Whether it’s a five-second video, a morning e-mail or the five-story London town house at 5 Carlos Place that serves up private shopping, supper clubs and more — everything is part of the narrative at Matchesfashion.com.
And that story, with many different entry points, connects consumers with brands, informing, entertaining and ultimately selling.
Kate Blythe, chief content officer, said: “Storytelling is embedded in absolutely everything that we do and part of our mission is to build the most personal online luxury shopping experience in the world, a thread that runs through everything, adding strength and authenticity.”
Blythe described “content” created by the brand as centered on three Cs: culture, community and commerce. Culture speaks to the customer’s life and style, while community connects customers, influencers and designers, and commerce brings people back to shop.
All of this is intended to encapsulate the product, bringing it and the experience of buying to life.
“How do we get customers excited about a new label that no one else is stocking yet and how do we educate them on an avant-garde trend and how do we show them these labels and trends can become apart of…their lives?” Blythe asked, describing the thought process that goes into building that narrative.
“Content is the reason that people come back time and time again, it’s storytelling through the Matchesfashion lens and it takes the form of multiple platforms,” she said.
Among them are a digital weekly magazine, e-mails (which saw an average open rate of 49 percent last year), social media and 5 Carlos Place, which just opened this month.
At the town house, Matchesfashion is seeking to create personalized, intimate moments with consumers.
The 7,000-square-foot location has shopping floors, a kitchen with a chef’s table, a courtyard and a new broadcasting hub, creating content from the experiences onsite, feeding back into the commerce loop.

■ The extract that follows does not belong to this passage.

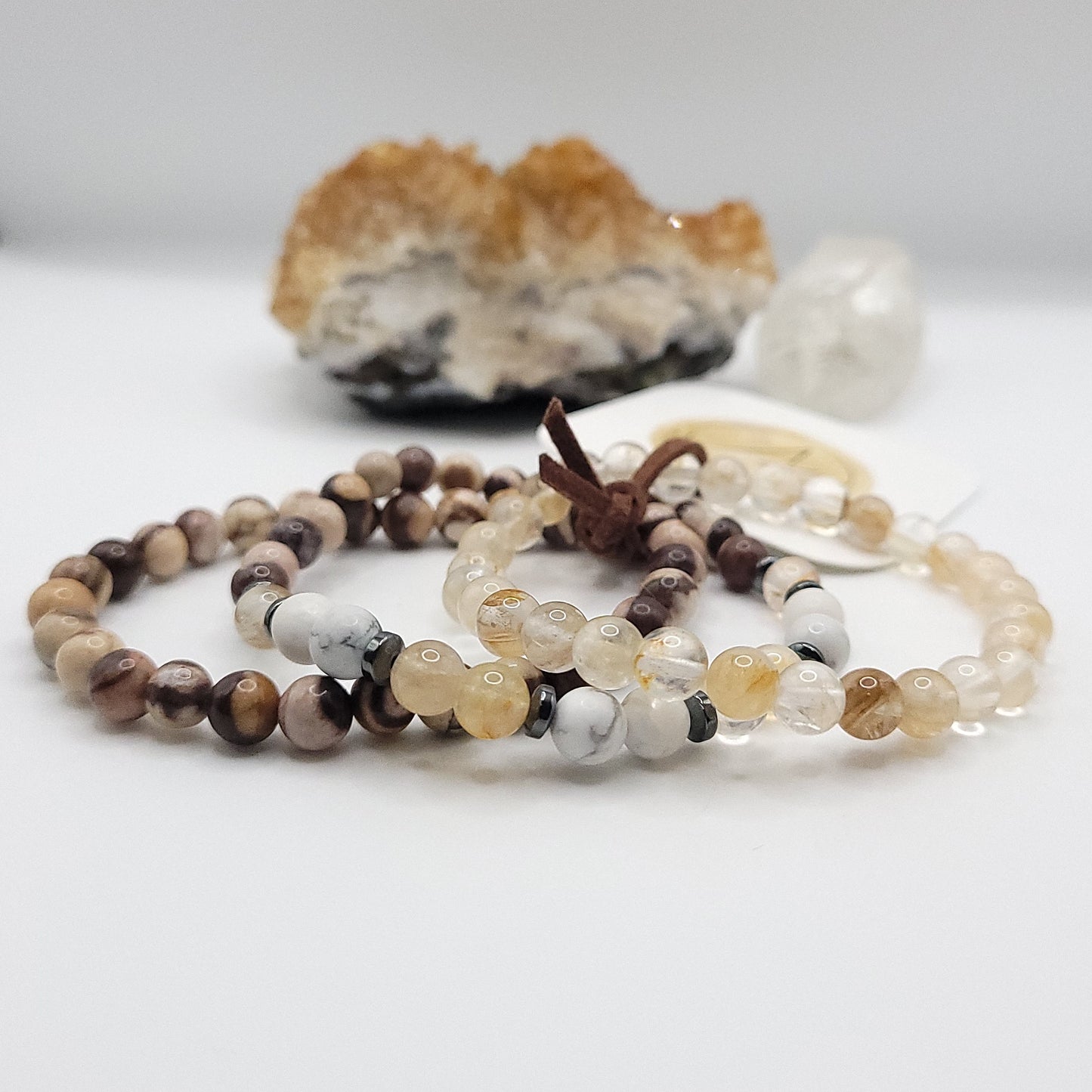  Bracelet Stack – Zebra Jasper, Golden Healer & Howlite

Shoppers at the space can scan a bar code at reception and sign in and get a tour of the space before heading to one of the suites, which feature items they have picked out and others selected with the help of data gathered from their wish lists, online baskets and purchase history.

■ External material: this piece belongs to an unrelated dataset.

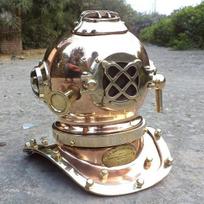 Marine Mini Vintage Copper Diving Helmet Mark Us Navy Nautical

Looks that aren’t available on-site can be ordered via the app and delivered within 90 minutes.
“We saw the future of retail was experiential, so we launched the ultimate experience,” Blythe said. “Content is a tool in whatever form it may take now or in the future and we are using it to amplify our fashion point of view. In 2018, the customer is open to hearing that fashion point of view and, as always, interpreting it in their own unique way.”